Car j'ai beau surjouer le Marseillais d'adoption, chanter par cœur un couplet d'IAM à un journaliste de Libé ou rappeler que j'ai fait mon service militaire à Carpiagne, à deux pas de Cassis, je dois bien l'admettre: j'ai un parcours plus classique.
Jacques-Henri Eyraud et un inspirational model.
Au turf
Né en plein Paname, Dauphine, Sciences Po… j'ai le parfait profil du Parisien pur jus. Quand même pas du genre Supras Auteuil ou Tigris Mystic: le foot est arrivé un peu par hasard dans ma vie. Ma grande passion sportive, c'était plutôt le taekwondo. Quand j'ai dit que j'avais été membre de l'équipe de France dans ma jeunesse, des petits malins sont allés vérifier. Et j'ai dû produire mes convocations aux stages nationaux: j'ai pas une gueule de winner?
Niveau professionnel, j'ai attaqué côté entertainment, à mes débuts dans les années 90. Chez Disney d'abord et au club Med ensuite. Du management, de la com: partout dans la rue, j'voulais qu'on parle de nous. Le grand virage vers le sport, je l'ai entamé ensuite, au début des années 2000. Avec Patrick Chêne, "la voix du Tour", j'ai créé Sporever.
Comme j'ai récemment dû le rappeler à la presse, qui semblait me prendre pour un bleu du ballon: "Nous avons été les premiers à diffuser des matches de Ligue 1 en direct sur téléphone mobile". Disruptif avant même l'invention du terme, quoi. Sur ma lancée, j'ai tenté ma chance côté hippique, à l'aube des années 2010. "Le turf, c'est le projet de ma vie", j'ai dit.
Logiquement, je suis devenu actionnaire majoritaire de Turf Éditions. Je voulais faire des tubes et que ça tourne bien, mais j'ai eu plus de mal à disrupter chez les canassons: ça fait maintenant des années que j'essaie, en vain, de me désengager. Et la boîte a finalement subi une procédure de redressement judiciaire devant le tribunal de Bobigny. Pas vraiment Champions Project? Ah, vous voulez qu'on parle de l'OM!
OM Way
C'est le projet de ma v… oui, bon, je l'ai déjà faite. Alors disons plutôt que c'est mon "OM Way, cette dimension culturelle qu'on apprécie tant, avec Franck McCourt". Attention: pas la dimension culturelle façon Plus belle la vie, embrouilles sur le Vieux-Port et recrutements anigo-courbissiens. Non, plutôt une autre dimension (la quatrième), pour Marseille: agilité, management transversal… la start-up nation adaptée à L'OM. L'OM Nation? Tiens, ça sonne bien.

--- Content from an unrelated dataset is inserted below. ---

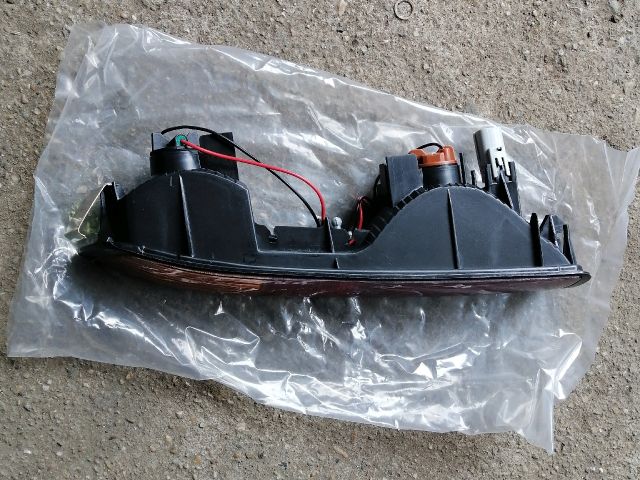 bontott MITSUBISHI PAJERO Jobb Hátsó Lámpa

Bref, on est venu pour professionnaliser le club, mettre un peu de PowerPoint dans le Pastis 51. Avec mes étudiants de Sciences Po, à qui je donne des cours d'initiation à l'entrepreneuriat, "je mets en œuvre cet exercice utilisé à Stanford, qui consiste à confier dix euros à huit groupes de dix étudiants chacun, et à leur demander de revenir la semaine suivante avec le maximum d’argent".
À l'OM, j'ai fait un peu pareil: j'ai distribué les billets de McCourt dans toute l'Europe et je suis revenu avec Nemanja Radonjic, Valère Germain et Patrice Évra. C'était mon initiation à moi. Depuis, j'ai bu quelques tisanes, et je me suis calmé sur les dépenses. L'argent est même devenu un petit sujet de tension.

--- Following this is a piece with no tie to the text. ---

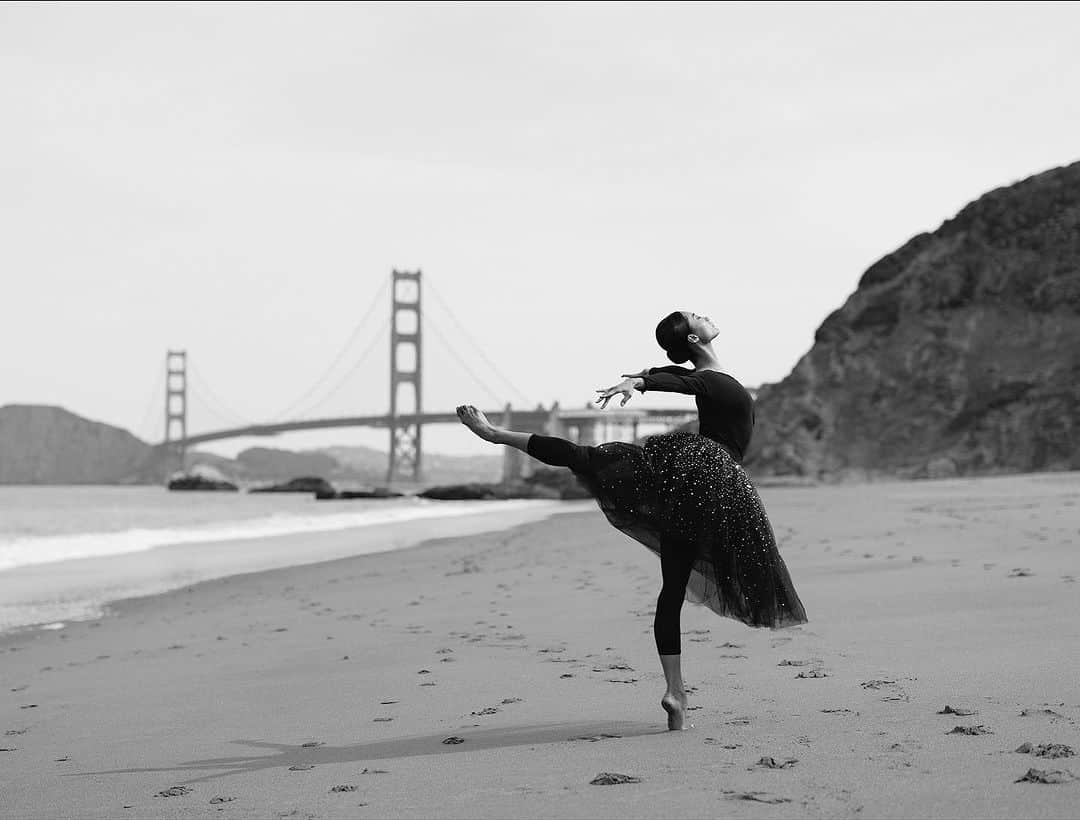 ballerina projectのインスタグラム：「𝐖𝐚𝐧𝐓𝐢𝐧𝐠 𝐙𝐡𝐚𝐨 on Baker Beach in San Francisco. 🌁  @wanting__zhao #ballerinaproject #bakerbeach #sanfrancisco #ballerina #ballet #dance #goldengatebridge @wolford #wolford   Ballerina Project 𝗹𝗮𝗿𝗴𝗲 𝗳𝗼𝗿𝗺𝗮𝘁 𝗹𝗶𝗺𝗶𝘁𝗲𝗱 𝗲𝗱𝘁𝗶𝗼𝗻 𝗽𝗿𝗶𝗻𝘁𝘀 and 𝗜𝗻𝘀𝘁𝗮𝘅 𝗰𝗼𝗹𝗹𝗲𝗰𝘁𝗶𝗼𝗻𝘀 on sale in our Etsy store. Link is located in our bio.  𝙎𝙪𝙗𝙨𝙘𝙧𝙞𝙗𝙚 to the 𝐁𝐚𝐥𝐥𝐞𝐫𝐢𝐧𝐚 𝐏𝐫𝐨𝐣𝐞𝐜𝐭 on Instagram to have access to exclusive and never seen before content. 🩰」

Avec Bertrand Desplat, le président de Guingamp, on s'est un peu chicanés sur le prêt garanti par l’État au début de la crise sanitaire. Il a menacé de me "casser la gueule". J'ai hésité à lui envoyer mes convocations aux stages de l'équipe de France de Taekwondo, à lui aussi.

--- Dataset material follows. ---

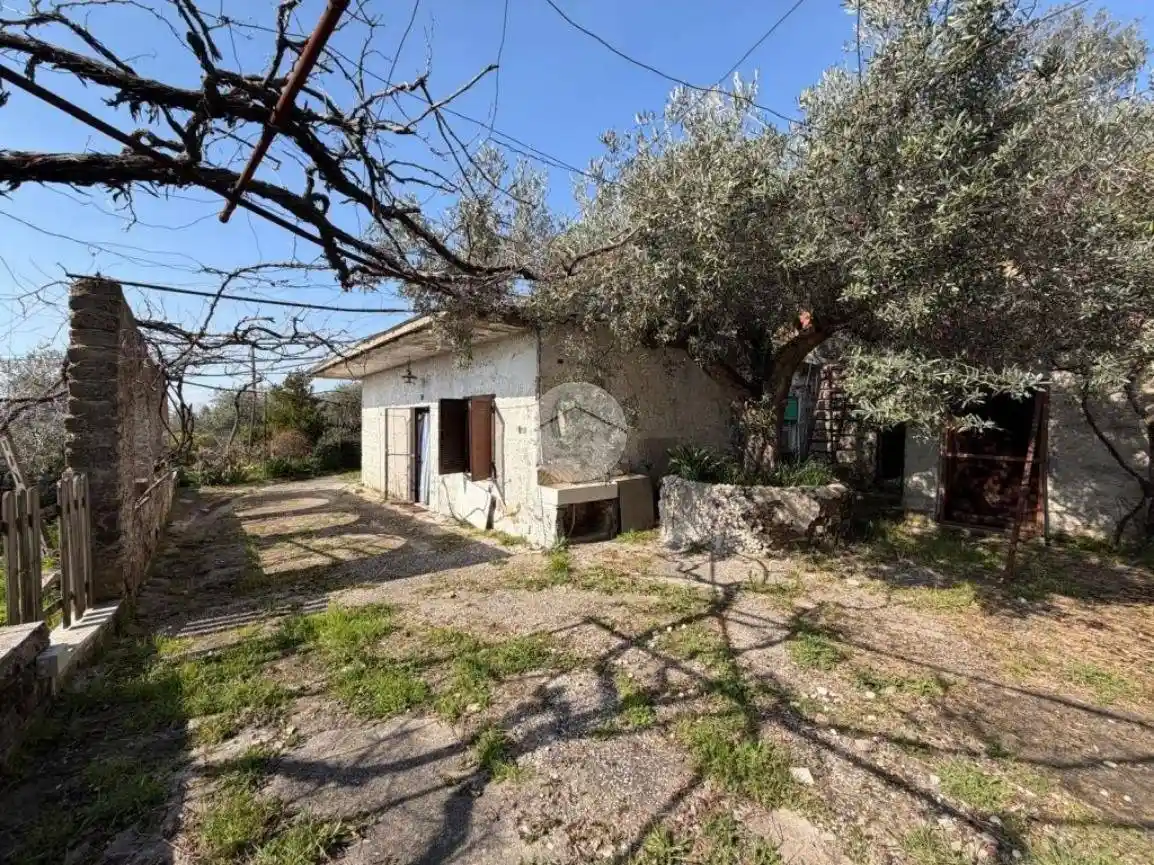 Casa indipendente in vendita a Fara in Sabina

J'ai parfois peur de ne pas être bien compris, en fait. Je l'ai dit après le Sport Innovation Summit, le colloque sur les innovations dans le sport, où j'avais proposé que les buts marqués à l'extérieur de la surface comptent double: "Le monde du football est très conservateur".
Mais si c'était à refaire, je recommencerai. Et puis l'année d'après, je recommencerai. "Keep up the good work", comme j'aime à le répéter sur Linkedin.